Lorsque le congé est donné pendant les vacances du travailleur, ce dernier est sensé avoir pris connaissance du courrier uniquement à son retour, à moins qu’il soit resté chez lui ou qu’il ait fait suivre son courrier à son adresse de vacances. En revanche, si ce dernier prend ses vacances contre la volonté de son employeur, il ne peut se prévaloir, par la suite, du fait qu’il n’était pas à son domicile lorsqu’il a reçu le congé (ATF 4P.307/1999).

Comme on peut le constater, le principe de la bonne foi tempère la théorie de la réception. Pour l’essentiel, la question qui se pose est de savoir ce que l’auteur de la résiliation du contrat de travail peut attendre de son cocontractant. Par exemple, il devrait considérer le fait que ce dernier ne relève pas nécessairement son courrier le dimanche soir.

En synthèse, si l’expéditeur supporte le risque de transmission du courrier jusqu’au moment où il parvient dans la sphère d’influence du destinataire, ce dernier supporte le risque à l’intérieur de sa sphère d’influence de prendre connaissance avec retard ou de ne pas prendre du tout connaissance de la déclaration de volonté de l’autre partie.

Obligation d’informer

Que la résiliation soit du fait du travailleur (démission) ou du fait de l’employeur (licenciement), ce dernier a l’obligation d’informer le travailleur concerné des conséquences de la fin du contrat sur l’assurance-accidents et, le cas échéant, sur l’assurance perte de gain maladie.
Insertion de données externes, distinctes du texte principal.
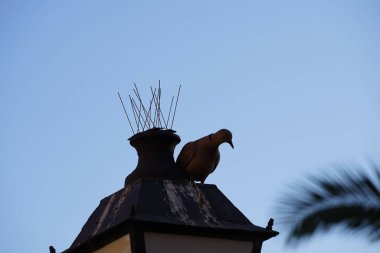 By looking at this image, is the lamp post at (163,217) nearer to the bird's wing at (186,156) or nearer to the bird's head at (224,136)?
the bird's wing at (186,156)

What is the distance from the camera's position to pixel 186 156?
938 centimetres

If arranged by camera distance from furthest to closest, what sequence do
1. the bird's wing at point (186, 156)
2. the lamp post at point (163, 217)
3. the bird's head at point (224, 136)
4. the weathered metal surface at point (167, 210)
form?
the bird's wing at point (186, 156)
the bird's head at point (224, 136)
the weathered metal surface at point (167, 210)
the lamp post at point (163, 217)

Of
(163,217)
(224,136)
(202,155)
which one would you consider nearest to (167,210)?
(163,217)

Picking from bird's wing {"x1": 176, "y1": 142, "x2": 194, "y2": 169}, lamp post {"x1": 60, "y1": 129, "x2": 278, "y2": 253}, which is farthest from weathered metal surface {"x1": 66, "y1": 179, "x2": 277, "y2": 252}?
bird's wing {"x1": 176, "y1": 142, "x2": 194, "y2": 169}

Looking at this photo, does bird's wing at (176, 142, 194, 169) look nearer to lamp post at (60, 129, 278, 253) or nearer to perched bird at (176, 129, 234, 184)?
perched bird at (176, 129, 234, 184)

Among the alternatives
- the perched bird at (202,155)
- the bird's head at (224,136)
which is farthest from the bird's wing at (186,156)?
the bird's head at (224,136)

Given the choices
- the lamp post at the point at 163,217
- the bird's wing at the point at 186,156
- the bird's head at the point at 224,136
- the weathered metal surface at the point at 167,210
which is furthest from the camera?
the bird's wing at the point at 186,156

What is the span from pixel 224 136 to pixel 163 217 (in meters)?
1.29

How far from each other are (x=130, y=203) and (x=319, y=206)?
3.04 meters

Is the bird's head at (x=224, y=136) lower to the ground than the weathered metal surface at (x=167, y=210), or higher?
higher

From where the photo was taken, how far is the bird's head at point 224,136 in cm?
923

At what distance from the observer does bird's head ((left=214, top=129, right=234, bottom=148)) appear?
923 cm

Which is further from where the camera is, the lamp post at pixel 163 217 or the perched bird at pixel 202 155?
the perched bird at pixel 202 155

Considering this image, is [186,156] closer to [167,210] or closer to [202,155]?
[202,155]
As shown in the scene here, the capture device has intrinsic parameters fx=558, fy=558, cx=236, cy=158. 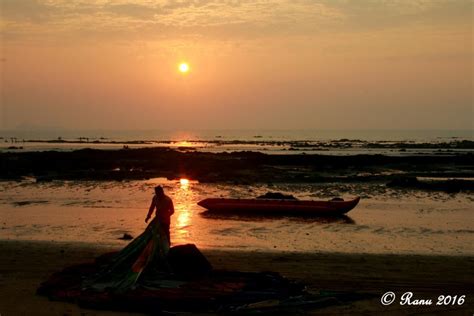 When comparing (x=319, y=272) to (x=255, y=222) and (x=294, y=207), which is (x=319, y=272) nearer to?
(x=255, y=222)

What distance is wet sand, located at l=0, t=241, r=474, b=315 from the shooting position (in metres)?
8.66

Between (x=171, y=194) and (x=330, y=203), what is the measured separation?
1050cm

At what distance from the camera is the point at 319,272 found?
11.1 metres

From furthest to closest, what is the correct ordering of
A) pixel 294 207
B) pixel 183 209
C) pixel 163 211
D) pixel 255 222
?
A: pixel 183 209
pixel 294 207
pixel 255 222
pixel 163 211

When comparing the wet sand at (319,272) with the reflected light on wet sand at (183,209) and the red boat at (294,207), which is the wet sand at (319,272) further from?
the red boat at (294,207)

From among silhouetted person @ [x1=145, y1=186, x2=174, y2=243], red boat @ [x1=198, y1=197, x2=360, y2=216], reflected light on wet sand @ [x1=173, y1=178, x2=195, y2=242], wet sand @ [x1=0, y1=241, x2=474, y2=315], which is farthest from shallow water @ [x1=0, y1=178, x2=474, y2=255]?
silhouetted person @ [x1=145, y1=186, x2=174, y2=243]

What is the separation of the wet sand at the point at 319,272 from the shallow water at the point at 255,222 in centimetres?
135

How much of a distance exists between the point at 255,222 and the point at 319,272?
8341 millimetres

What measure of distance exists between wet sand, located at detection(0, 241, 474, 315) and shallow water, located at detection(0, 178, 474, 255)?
135 centimetres

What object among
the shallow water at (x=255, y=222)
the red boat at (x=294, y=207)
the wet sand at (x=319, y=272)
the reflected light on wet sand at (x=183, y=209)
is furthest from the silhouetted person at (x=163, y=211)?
the red boat at (x=294, y=207)

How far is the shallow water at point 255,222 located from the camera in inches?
603

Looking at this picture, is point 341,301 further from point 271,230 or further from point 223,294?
point 271,230

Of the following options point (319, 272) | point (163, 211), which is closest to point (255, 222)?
point (319, 272)

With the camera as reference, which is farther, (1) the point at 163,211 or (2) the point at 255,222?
(2) the point at 255,222
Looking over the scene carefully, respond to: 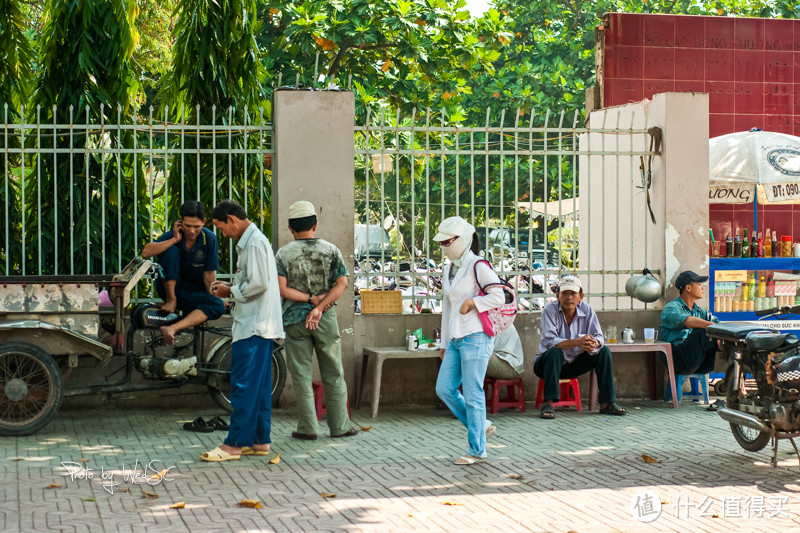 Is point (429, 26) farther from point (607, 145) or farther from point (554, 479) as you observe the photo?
point (554, 479)

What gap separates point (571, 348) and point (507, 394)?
862mm

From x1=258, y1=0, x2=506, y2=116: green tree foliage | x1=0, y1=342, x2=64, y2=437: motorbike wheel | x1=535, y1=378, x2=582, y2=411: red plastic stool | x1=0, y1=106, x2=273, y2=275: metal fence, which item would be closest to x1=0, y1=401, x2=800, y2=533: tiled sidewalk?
x1=0, y1=342, x2=64, y2=437: motorbike wheel

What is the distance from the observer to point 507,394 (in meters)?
9.59

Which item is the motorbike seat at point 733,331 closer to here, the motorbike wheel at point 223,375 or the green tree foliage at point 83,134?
the motorbike wheel at point 223,375

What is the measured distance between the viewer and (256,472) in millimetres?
6566

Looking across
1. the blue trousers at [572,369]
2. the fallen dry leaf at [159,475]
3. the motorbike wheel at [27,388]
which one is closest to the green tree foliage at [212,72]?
the motorbike wheel at [27,388]

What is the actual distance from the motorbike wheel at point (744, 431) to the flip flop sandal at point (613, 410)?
1.70 meters

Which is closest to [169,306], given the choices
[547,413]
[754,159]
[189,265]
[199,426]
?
[189,265]

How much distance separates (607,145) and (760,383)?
19.7 ft

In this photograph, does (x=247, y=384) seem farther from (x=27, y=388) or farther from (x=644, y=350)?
(x=644, y=350)

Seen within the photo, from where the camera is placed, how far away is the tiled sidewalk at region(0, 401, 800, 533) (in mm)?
5383

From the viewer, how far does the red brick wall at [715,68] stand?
1416cm

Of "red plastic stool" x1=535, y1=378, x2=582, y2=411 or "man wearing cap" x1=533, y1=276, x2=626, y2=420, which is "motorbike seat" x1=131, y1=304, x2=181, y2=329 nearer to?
"man wearing cap" x1=533, y1=276, x2=626, y2=420

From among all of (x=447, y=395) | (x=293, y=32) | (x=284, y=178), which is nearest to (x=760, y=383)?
(x=447, y=395) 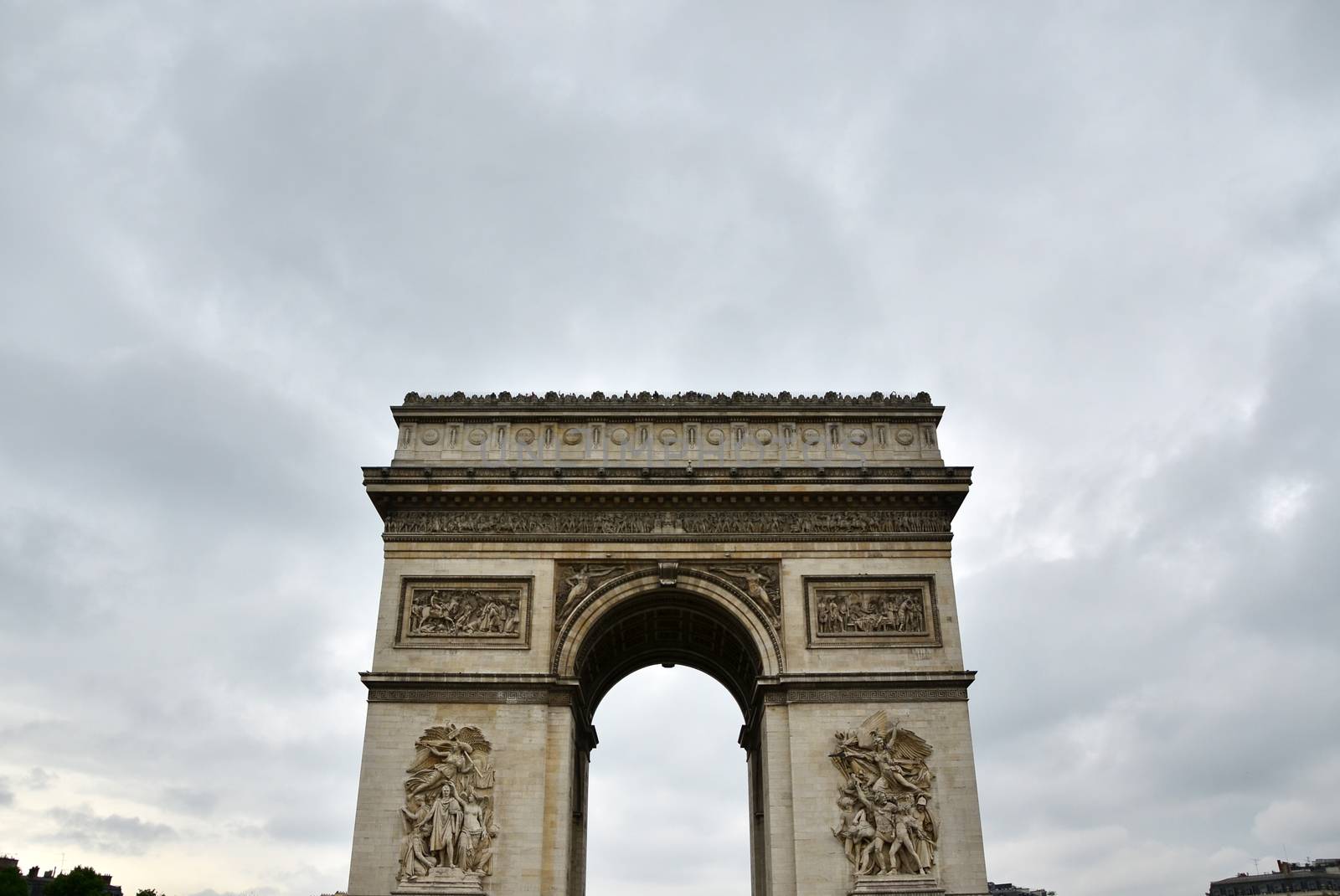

S’agissant de l’assurance-accidents, l’employeur est tenu de transmettre les informations à son personnel relatives à la cessation de l’assurance et à la possibilité de conclure une assurance par convention (art. 3 al. 2 et 3 LAA et 72 al. 2 OLAA).

S’agissant de l’assurance perte de gain maladie, l’employeur a l’obligation d’informer le salarié sur les conditions de maintien de l’assurance à l’échéance des rapports de travail, en vertu de l’article 331 al. 4 CO (4A_186/2010).